The numbers expose everything you need to know about artificial intelligence's relationship with online publishing. Recent data from Cloudflare shows Anthropic's AI crawlers scraped websites 73,000 times for every single user they referred back to the original source. OpenAI managed 1,700 scrapes per referral. Google Search, by contrast, operates at 14 scrapes per referral.

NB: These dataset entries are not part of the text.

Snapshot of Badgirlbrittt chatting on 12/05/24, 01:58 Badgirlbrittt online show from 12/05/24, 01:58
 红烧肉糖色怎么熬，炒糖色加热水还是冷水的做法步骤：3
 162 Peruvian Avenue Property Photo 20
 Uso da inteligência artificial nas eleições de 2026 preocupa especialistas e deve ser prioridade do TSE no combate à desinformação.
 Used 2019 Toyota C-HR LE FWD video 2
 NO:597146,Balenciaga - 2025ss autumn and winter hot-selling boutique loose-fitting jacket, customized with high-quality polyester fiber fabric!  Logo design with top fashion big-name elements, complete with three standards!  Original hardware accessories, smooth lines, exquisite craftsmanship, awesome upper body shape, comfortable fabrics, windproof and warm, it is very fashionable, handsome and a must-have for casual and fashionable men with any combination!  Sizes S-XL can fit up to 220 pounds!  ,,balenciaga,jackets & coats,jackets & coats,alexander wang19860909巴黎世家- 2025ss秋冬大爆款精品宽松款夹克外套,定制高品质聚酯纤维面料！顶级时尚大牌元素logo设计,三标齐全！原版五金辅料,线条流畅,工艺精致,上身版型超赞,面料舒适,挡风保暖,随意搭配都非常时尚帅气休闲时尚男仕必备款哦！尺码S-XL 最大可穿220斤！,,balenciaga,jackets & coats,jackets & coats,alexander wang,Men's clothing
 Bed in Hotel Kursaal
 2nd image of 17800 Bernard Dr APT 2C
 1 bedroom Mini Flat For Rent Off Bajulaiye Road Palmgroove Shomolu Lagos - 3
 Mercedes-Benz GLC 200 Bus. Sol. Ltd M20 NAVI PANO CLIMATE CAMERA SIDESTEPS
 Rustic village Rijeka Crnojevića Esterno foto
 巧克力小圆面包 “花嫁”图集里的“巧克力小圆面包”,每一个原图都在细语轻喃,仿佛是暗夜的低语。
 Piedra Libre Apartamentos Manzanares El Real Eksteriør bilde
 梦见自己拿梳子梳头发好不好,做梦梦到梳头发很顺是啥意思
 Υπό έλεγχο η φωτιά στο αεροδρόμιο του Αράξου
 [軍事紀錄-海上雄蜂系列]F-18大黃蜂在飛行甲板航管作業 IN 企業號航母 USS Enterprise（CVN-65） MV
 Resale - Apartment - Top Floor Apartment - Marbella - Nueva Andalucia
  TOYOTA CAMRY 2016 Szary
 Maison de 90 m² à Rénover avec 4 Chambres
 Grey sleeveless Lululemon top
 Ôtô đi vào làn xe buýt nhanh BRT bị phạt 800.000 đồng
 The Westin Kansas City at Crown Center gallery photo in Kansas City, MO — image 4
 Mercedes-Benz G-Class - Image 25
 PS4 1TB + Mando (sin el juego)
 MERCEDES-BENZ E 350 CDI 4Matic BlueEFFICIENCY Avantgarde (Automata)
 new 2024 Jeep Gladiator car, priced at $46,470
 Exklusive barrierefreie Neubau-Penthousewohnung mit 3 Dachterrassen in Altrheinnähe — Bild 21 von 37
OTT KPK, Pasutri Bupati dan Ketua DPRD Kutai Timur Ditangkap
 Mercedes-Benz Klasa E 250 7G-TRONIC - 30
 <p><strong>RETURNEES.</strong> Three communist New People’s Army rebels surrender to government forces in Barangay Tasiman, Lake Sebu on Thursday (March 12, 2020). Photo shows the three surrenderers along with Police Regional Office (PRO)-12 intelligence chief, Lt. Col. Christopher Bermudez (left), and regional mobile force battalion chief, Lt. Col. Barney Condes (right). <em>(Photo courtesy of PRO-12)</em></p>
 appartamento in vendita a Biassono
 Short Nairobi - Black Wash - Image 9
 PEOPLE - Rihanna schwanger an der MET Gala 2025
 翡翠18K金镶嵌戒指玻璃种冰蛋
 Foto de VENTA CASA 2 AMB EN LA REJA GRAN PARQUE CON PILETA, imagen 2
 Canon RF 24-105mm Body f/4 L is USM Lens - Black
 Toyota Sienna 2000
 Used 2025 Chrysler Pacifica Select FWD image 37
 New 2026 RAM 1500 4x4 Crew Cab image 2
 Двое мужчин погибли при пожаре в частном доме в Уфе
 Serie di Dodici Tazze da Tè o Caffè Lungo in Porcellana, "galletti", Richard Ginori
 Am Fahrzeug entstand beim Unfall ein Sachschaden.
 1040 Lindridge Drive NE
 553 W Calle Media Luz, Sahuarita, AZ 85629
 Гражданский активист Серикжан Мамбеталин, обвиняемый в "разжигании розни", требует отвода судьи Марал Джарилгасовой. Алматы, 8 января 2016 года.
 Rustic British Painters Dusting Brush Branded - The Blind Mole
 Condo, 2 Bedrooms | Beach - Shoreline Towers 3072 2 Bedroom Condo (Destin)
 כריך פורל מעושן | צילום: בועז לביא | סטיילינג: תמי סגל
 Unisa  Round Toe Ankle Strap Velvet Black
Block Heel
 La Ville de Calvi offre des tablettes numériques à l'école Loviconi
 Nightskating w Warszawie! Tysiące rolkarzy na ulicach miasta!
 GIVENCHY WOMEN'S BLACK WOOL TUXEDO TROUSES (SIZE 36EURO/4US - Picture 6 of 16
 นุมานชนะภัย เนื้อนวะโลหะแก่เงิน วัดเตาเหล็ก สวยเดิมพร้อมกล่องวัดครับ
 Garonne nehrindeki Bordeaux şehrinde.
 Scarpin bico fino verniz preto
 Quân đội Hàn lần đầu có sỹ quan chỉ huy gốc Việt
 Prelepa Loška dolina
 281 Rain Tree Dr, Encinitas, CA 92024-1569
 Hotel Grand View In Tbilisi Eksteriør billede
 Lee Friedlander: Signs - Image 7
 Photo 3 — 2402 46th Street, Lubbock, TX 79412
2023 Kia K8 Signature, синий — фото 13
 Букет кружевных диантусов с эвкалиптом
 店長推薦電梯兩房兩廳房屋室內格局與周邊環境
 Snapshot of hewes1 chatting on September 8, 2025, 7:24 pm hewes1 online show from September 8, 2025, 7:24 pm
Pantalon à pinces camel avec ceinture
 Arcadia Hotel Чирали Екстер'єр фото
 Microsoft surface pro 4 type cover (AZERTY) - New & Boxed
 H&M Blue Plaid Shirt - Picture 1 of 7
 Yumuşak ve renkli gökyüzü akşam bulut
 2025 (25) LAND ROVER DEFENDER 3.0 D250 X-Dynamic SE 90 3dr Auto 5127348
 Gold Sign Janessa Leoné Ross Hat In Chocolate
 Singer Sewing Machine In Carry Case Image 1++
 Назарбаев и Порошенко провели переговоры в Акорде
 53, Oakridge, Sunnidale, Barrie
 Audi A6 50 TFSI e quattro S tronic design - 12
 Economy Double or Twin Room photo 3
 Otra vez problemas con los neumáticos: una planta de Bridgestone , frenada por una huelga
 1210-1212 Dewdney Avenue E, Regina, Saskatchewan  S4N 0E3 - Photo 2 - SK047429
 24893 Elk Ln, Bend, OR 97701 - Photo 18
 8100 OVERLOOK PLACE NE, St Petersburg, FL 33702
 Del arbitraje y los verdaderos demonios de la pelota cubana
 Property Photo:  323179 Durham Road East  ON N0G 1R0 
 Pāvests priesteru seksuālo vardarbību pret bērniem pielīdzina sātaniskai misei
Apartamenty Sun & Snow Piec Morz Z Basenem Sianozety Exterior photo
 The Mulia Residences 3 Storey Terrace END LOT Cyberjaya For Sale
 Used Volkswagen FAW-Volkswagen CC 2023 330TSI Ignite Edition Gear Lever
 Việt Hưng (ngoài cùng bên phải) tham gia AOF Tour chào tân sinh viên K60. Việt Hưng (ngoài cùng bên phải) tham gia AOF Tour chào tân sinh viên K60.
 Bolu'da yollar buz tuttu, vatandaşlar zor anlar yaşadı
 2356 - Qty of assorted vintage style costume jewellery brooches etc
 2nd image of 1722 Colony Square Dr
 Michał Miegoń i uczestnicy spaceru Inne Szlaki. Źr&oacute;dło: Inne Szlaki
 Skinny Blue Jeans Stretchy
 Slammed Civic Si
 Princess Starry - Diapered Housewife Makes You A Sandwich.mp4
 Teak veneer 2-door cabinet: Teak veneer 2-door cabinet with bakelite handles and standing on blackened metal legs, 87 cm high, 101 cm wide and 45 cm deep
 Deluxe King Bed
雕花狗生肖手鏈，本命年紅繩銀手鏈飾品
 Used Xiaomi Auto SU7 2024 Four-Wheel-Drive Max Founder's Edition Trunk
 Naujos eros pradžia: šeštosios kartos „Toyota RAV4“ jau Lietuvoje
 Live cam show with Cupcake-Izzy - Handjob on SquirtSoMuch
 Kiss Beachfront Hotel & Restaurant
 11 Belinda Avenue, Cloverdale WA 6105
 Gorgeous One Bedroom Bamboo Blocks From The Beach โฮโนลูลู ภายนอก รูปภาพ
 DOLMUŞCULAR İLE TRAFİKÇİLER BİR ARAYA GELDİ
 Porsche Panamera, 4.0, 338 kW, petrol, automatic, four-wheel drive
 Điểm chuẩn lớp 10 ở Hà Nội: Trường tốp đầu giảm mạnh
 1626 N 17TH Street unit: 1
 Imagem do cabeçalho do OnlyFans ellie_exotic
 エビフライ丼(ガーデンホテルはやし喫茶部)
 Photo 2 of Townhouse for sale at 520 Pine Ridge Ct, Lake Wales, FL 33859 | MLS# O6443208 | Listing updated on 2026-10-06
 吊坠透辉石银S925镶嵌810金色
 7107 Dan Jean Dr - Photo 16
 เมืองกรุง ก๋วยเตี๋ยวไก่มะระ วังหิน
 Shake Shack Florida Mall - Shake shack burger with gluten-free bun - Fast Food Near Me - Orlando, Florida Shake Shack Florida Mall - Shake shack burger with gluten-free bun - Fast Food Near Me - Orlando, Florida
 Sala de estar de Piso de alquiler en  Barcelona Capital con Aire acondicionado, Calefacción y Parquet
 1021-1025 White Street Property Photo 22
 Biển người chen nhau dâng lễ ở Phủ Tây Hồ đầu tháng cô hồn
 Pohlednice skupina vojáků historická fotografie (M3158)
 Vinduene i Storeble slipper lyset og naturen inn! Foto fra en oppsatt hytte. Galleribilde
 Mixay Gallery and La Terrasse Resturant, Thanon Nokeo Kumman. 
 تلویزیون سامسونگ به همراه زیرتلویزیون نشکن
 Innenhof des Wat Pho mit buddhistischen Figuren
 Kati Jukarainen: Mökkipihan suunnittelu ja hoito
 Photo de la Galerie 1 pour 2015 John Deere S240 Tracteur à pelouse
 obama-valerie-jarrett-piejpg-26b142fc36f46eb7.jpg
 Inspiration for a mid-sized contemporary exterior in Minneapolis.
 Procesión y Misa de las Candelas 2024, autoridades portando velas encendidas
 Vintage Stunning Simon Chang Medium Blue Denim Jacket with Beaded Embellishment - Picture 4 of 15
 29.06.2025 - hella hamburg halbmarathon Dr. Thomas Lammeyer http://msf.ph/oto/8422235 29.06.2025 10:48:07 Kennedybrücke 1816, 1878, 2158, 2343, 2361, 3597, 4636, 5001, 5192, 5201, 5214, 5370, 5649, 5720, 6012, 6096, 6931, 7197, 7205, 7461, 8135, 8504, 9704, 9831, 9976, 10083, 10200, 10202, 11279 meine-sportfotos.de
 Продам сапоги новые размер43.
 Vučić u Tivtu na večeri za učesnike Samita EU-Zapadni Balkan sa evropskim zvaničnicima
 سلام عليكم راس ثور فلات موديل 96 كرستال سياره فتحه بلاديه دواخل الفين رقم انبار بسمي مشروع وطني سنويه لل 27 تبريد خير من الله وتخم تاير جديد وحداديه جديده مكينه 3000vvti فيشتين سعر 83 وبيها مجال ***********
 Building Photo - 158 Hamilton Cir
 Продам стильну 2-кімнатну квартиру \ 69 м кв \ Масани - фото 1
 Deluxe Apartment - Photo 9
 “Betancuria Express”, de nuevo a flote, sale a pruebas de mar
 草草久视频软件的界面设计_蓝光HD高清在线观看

These aren't abstract statistics. They represent the collapse of the internet's fundamental economic bargain - the implicit agreement that drove two decades of digital growth. Publishers created content, search engines indexed it, users discovered websites through search results, and advertising revenue flowed back to content creators. Artificial intelligence has shattered this arrangement, replacing symbiotic relationships with pure extraction.

Cloudflare, the infrastructure company that manages traffic for a fifth of the global web, has responded with something unprecedented: unilateral economic policy-making. Starting in July 2025, the company began blocking AI crawlers by default for all new customers, forcing AI companies into direct licensing negotiations with publishers. No government mandate, no regulatory process, no international treaty. Simply a software update that reshaped the economics of digital content.

"If the Internet is going to survive the age of AI, we need to give publishers the control they deserve and build a new economic model that works for everyone," declared Matthew Prince, Cloudflare's chief executive. His company's position managing one-fifth of internet traffic grants it regulatory-like authority that most governments can only envy.

The economics of content extraction

The scale of value extraction reveals why publishers are desperate for solutions. Marc McCollum from advertising optimisation company Raptive estimates that AI-powered search features now cost publishers $2 billion annually in lost advertising revenue. When Google's AI Overviews appear in search results, research shows click-through rates to original websites decline by an average of 34.5%. Some publishers report drops exceeding 54%.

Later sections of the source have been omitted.